São Paulo, maior colégio eleitoral do país, com mais de 34 milhões de eleitores aptos, tem sete candidatos ao Palácio dos Bandeirantes. O atual governador Tarcísio de Freitas (Republicanos) tenta a reeleição com Felício Ramuth como vice e defende a continuidade das políticas do primeiro mandato, com destaque para a redução de crimes violentos e a ampliação do efetivo policial. Fernando Haddad (PT), ex-prefeito da capital e ex-ministro da Educação e da Fazenda, tem Márcio França na chapa e propõe ampliar a participação do governo estadual em educação, saúde e no combate ao crime organizado. Completam a lista Carlos Machado (PCB), Izadora Dias (PCO), Policial Edjane (Agir), Vera Lúcia (PSTU) e Vivian Mendes (UP).
No Rio de Janeiro, mais de 13 milhões de eleitores escolhem entre nove candidatos ao Palácio Guanabara: André Marinho (Novo), Coronel Busnello (Missão), Cyro Garcia (PSTU), Douglas Ruas (PL), Eduardo Paes (PSD), Anthony Garotinho (Republicanos), Juliete Pantoja (UP), Luan Monteiro (PCO) e William Siri (PSOL). A crise fiscal e a dependência das receitas do petróleo dominam os planos de governo registrados no Tribunal Superior Eleitoral, que vão da revisão de benefícios fiscais, da auditoria da folha de pagamento e da venda de imóveis públicos à criação de bancos públicos de fomento e a reestatizações.
Sergipe, com 1,74 milhão de eleitores e o vigésimo segundo colégio eleitoral do país, tem seis candidatos ao governo. O governador Fábio Mitidieri (PSD) busca a reeleição à frente de uma coligação que reúne legendas de campos opostos; Valmir de Francisquinho (Republicanos), ex-prefeito de Itabaiana, disputa pela segunda vez; concorrem ainda Ricardo Marques (PL), Emanuel Cacho (PSDB), Dr. Helton (PSOL) e Taty Cristina de Jesus (DC), única mulher na disputa. Para o Senado sergipano há 11 candidaturas registradas, em um pleito que renova dois terços da Casa, com 54 das 81 cadeiras em jogo e dois votos por eleitor. Em Minas Gerais, a cobertura acompanha as agendas diárias de campanha de nomes como Alexandre Kalil (PDT), Cleitinho (Republicanos), Mateus Simões (PSD), Patrus Ananias (PT), Flávio Roscoe (PL) e Gabriel Azevedo (MDB), entre entrevistas, sabatinas e caminhadas.

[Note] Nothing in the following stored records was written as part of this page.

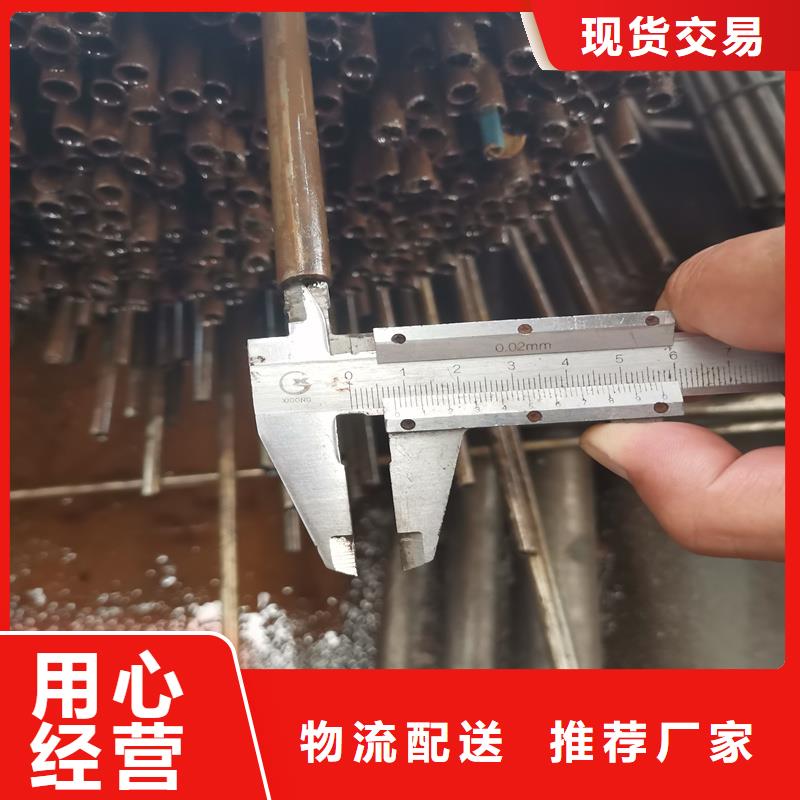 45#大口径厚壁光亮管-欢迎来厂考察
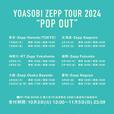 『YOASOBI ZEPP TOUR 2024 “POP OUT”』ビジュアル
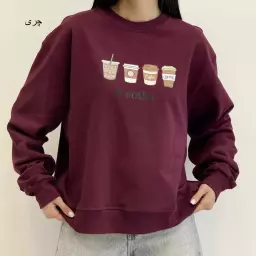 دورس کافی 1004838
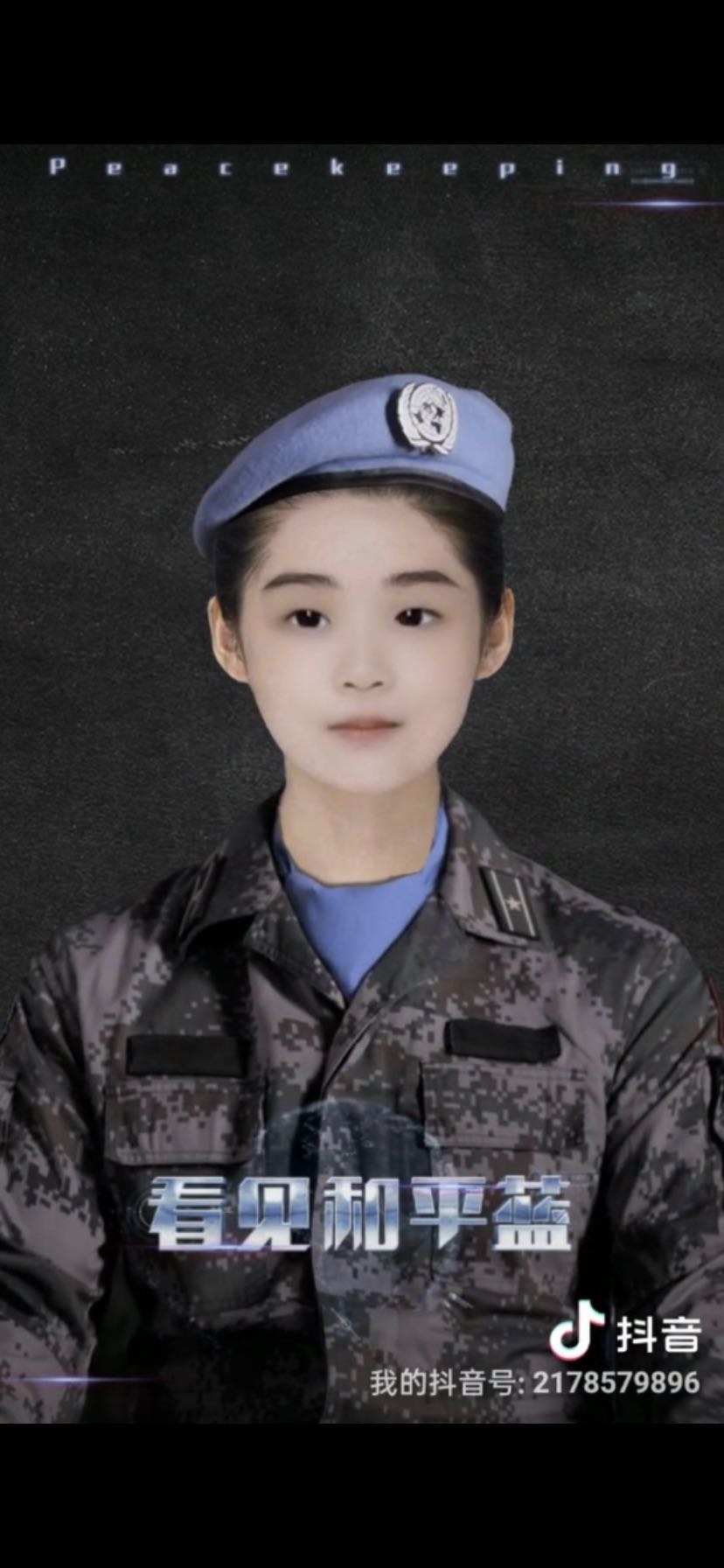 超时髦de可可哦想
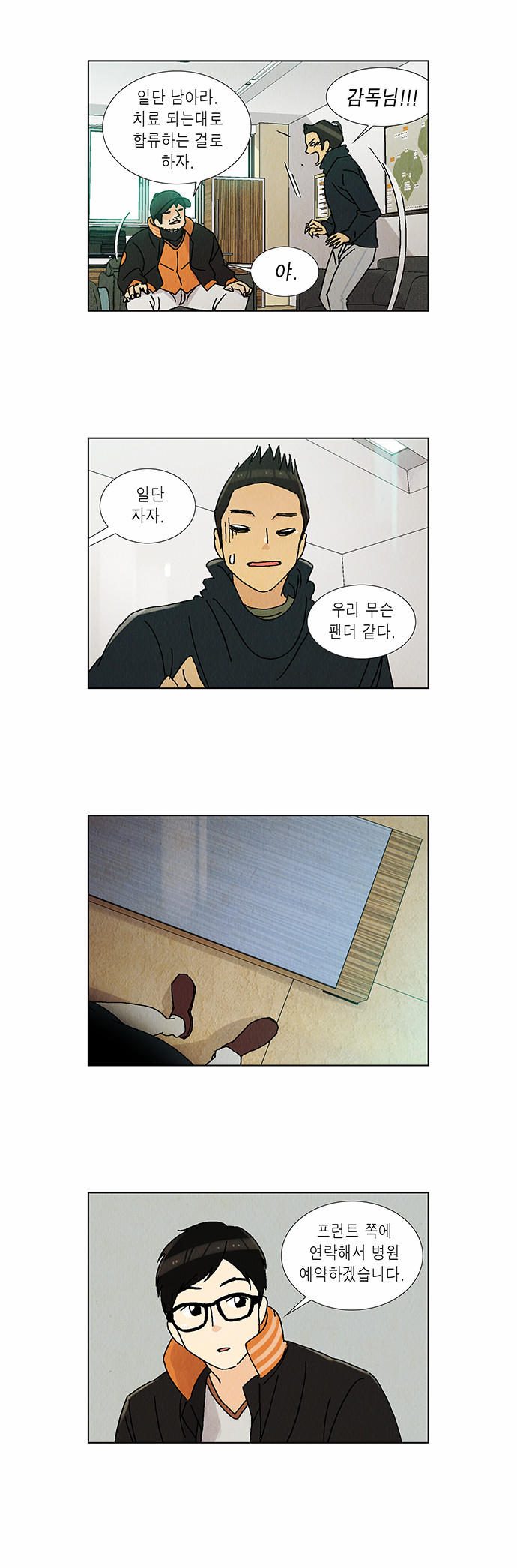 11 페이지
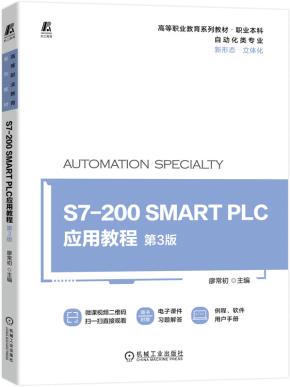 S7-200SMARTPLC应用教程第3版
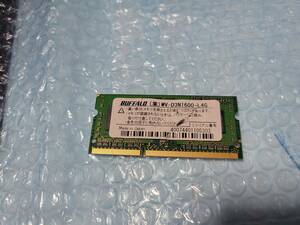 即決 BUFFALO製 DDR3 4GB PC3L-12800S SO-DIMM 204pin 低電圧対応 送料120円～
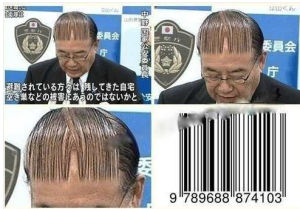 條形碼髮型 條形碼髮型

A cobertura de centro relatou a disputa nesse formato de serviço: listas completas em ordem alfabética, números de urna, ordem de votação na cabine e comparação de propostas por tema, sem enquadramento ideológico explícito e com espaço equivalente para cada candidatura. Veículos de esquerda destacaram outro ângulo, o da recusa de participação em debates: no Paraná, o senador que lidera as pesquisas de intenção de voto desistiu de mais um confronto direto com adversários. Veículos de direita enfatizaram a trajetória individual dos candidatos, lembrando que Valmir de Francisquinho foi absolvido pelo Tribunal Superior Eleitoral de uma condenação por abuso de poder que atingiu sua candidatura em 2022, e sinalizando alianças no campo conservador em Sergipe.
O que ainda não se sabe é considerável. As reportagens não trazem pesquisas de intenção de voto estado a estado, não informam quais debates foram confirmados nem em que datas, e não submetem as metas fiscais dos planos de governo a avaliação independente. Também não há informação consolidada sobre quantas candidaturas ainda podem ser impugnadas pela Justiça Eleitoral antes de 4 de outubro, nem sobre como as propostas de corte de despesa ou de ampliação de serviços seriam financiadas nos primeiros anos de mandato.
Toda a cobertura converge no calendário e nos números da disputa: primeiro turno em 4 de outubro, segundo turno em 25 de outubro, sete candidatos ao governo de São Paulo, nove no Rio de Janeiro, seis em Sergipe e 11 candidaturas ao Senado sergipano. Há acordo também sobre o diagnóstico fluminense: crise fiscal e dependência das receitas do petróleo são o problema central do próximo governo.